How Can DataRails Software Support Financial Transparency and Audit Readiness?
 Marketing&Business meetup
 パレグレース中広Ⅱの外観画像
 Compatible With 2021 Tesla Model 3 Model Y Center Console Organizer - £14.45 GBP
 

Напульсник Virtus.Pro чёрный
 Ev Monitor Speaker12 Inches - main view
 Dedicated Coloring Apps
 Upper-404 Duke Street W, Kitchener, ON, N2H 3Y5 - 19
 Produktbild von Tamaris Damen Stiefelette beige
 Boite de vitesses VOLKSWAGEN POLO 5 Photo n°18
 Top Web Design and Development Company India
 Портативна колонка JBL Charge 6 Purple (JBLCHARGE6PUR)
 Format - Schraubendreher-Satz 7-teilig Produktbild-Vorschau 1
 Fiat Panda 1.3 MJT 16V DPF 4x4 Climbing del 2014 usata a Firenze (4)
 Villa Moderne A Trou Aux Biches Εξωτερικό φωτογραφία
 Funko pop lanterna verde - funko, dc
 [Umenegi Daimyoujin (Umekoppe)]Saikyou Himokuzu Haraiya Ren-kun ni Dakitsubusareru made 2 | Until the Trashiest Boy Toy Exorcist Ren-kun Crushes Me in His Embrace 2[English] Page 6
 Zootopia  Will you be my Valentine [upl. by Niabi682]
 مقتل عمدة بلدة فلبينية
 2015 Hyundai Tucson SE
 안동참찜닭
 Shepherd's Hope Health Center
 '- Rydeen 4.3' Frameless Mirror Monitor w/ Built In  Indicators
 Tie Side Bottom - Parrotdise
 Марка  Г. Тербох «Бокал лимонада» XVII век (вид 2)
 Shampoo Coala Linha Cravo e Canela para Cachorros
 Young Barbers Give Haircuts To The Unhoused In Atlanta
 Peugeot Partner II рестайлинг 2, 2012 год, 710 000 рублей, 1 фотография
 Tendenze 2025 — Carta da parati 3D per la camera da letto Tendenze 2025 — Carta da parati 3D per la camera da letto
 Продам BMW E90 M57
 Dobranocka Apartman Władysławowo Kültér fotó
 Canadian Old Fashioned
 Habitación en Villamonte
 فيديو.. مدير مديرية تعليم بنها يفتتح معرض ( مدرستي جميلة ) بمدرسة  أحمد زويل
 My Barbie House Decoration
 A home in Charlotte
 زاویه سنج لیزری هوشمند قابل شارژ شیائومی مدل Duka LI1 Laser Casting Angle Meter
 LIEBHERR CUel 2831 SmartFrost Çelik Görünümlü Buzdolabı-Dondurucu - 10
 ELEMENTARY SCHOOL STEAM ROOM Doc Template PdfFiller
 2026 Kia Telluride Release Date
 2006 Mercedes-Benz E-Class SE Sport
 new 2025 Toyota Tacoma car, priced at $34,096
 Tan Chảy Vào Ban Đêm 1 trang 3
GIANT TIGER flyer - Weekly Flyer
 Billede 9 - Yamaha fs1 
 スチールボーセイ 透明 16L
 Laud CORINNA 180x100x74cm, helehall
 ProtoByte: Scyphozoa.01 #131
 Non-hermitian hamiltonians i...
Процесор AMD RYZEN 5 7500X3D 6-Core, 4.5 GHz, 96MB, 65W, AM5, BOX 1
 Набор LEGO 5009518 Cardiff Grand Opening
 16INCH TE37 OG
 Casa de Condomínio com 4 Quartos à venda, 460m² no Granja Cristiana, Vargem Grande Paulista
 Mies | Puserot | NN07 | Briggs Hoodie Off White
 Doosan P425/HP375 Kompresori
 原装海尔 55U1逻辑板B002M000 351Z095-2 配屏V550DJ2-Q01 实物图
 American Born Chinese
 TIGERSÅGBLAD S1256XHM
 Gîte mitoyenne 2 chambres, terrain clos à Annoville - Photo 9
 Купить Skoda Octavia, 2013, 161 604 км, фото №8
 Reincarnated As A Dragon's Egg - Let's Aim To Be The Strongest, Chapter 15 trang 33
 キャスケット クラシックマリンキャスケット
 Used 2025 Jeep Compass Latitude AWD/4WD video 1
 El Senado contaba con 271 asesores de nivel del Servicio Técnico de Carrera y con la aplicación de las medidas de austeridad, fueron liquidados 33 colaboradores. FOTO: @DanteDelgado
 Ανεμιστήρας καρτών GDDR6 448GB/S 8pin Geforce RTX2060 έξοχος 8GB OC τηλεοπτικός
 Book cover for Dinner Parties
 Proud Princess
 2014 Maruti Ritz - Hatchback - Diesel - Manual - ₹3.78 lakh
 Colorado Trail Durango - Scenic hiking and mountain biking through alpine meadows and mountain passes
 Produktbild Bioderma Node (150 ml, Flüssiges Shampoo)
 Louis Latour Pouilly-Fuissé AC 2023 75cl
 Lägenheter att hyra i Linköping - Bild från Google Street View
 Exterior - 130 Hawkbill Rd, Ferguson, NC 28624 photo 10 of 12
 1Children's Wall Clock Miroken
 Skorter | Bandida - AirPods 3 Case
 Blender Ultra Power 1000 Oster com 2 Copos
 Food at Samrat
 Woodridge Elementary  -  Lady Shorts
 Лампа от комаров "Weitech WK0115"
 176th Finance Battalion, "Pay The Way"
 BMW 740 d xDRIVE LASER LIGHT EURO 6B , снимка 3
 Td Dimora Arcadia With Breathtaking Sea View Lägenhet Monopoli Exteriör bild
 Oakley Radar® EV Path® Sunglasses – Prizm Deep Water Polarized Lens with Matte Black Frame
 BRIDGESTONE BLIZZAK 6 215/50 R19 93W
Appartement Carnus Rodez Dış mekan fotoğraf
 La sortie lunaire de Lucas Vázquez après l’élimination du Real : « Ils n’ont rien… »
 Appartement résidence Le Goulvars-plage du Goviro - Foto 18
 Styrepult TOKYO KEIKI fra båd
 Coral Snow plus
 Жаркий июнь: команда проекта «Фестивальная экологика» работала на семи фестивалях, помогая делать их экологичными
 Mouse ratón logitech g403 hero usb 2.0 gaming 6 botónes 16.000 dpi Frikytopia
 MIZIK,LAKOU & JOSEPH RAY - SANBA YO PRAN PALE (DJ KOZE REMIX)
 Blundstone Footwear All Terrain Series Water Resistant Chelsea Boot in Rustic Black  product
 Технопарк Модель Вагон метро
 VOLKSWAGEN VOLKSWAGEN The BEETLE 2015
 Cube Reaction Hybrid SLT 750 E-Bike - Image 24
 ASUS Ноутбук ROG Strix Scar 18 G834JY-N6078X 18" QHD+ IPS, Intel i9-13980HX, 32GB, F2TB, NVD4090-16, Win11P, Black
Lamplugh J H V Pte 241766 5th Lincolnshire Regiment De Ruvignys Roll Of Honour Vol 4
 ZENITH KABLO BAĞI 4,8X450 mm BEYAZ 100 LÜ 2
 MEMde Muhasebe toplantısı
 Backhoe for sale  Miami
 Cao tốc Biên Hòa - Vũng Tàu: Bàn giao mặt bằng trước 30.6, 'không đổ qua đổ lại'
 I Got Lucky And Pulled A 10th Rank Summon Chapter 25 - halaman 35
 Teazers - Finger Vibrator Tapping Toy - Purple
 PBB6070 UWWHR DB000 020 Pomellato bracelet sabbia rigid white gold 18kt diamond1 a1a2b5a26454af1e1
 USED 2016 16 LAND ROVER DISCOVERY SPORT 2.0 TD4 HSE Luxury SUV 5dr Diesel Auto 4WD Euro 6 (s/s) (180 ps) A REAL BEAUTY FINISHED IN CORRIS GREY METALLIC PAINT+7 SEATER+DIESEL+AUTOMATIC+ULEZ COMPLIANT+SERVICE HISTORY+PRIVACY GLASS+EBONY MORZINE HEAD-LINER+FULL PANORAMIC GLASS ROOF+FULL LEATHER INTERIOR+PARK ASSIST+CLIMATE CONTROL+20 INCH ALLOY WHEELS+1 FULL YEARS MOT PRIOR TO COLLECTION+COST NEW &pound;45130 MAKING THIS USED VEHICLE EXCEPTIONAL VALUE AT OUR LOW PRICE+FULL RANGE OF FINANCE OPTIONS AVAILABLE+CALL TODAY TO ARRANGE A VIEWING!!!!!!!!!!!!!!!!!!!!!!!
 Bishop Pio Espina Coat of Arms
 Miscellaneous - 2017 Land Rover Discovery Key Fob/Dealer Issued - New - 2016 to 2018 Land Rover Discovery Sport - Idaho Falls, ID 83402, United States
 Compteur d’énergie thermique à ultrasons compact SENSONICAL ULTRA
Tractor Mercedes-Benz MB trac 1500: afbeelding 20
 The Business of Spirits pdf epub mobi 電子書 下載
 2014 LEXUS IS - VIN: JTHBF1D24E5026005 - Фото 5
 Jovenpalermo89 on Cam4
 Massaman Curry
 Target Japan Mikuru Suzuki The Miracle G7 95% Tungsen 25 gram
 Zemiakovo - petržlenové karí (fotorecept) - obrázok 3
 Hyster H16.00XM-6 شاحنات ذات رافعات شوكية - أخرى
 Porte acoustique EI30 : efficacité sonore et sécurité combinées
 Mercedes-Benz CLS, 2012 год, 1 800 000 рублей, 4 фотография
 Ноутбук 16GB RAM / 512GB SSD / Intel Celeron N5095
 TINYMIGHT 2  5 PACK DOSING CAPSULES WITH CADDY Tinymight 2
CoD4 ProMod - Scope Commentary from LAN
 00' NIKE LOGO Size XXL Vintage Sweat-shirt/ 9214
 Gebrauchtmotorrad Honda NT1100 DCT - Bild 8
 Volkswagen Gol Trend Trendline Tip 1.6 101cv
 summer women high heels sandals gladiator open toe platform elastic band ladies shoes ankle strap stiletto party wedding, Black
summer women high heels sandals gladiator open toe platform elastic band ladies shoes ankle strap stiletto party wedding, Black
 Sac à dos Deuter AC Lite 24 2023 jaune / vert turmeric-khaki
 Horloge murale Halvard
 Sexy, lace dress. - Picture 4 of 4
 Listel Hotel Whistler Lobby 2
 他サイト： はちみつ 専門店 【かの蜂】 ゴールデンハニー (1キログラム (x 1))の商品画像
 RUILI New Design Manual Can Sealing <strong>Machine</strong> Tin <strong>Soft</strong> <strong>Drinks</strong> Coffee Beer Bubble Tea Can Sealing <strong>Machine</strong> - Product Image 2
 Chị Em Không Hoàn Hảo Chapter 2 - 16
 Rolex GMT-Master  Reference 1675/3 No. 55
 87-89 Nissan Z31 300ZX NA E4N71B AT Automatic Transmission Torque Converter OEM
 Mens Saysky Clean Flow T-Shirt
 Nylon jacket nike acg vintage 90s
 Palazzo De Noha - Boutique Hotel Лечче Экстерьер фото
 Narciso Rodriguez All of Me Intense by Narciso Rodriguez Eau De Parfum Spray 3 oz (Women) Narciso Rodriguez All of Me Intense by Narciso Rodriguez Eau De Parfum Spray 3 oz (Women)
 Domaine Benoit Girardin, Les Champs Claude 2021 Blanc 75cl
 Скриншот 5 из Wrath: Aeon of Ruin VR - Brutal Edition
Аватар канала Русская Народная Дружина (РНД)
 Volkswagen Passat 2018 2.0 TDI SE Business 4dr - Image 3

- WHAT THE TASK REQUIRES -
What you return must be the lines above that run from the line with "Жаркий июнь: команда" to the line with "I Got Lucky", inclusive, each copied exactly.

- WRITTEN REPLY -
 Жаркий июнь: команда проекта «Фестивальная экологика» работала на семи фестивалях, помогая делать их экологичными
 Mouse ratón logitech g403 hero usb 2.0 gaming 6 botónes 16.000 dpi Frikytopia
 MIZIK,LAKOU & JOSEPH RAY - SANBA YO PRAN PALE (DJ KOZE REMIX)
 Blundstone Footwear All Terrain Series Water Resistant Chelsea Boot in Rustic Black  product
 Технопарк Модель Вагон метро
 VOLKSWAGEN VOLKSWAGEN The BEETLE 2015
 Cube Reaction Hybrid SLT 750 E-Bike - Image 24
 ASUS Ноутбук ROG Strix Scar 18 G834JY-N6078X 18" QHD+ IPS, Intel i9-13980HX, 32GB, F2TB, NVD4090-16, Win11P, Black
Lamplugh J H V Pte 241766 5th Lincolnshire Regiment De Ruvignys Roll Of Honour Vol 4
 ZENITH KABLO BAĞI 4,8X450 mm BEYAZ 100 LÜ 2
 MEMde Muhasebe toplantısı
 Backhoe for sale  Miami
 Cao tốc Biên Hòa - Vũng Tàu: Bàn giao mặt bằng trước 30.6, 'không đổ qua đổ lại'
 I Got Lucky And Pulled A 10th Rank Summon Chapter 25 - halaman 35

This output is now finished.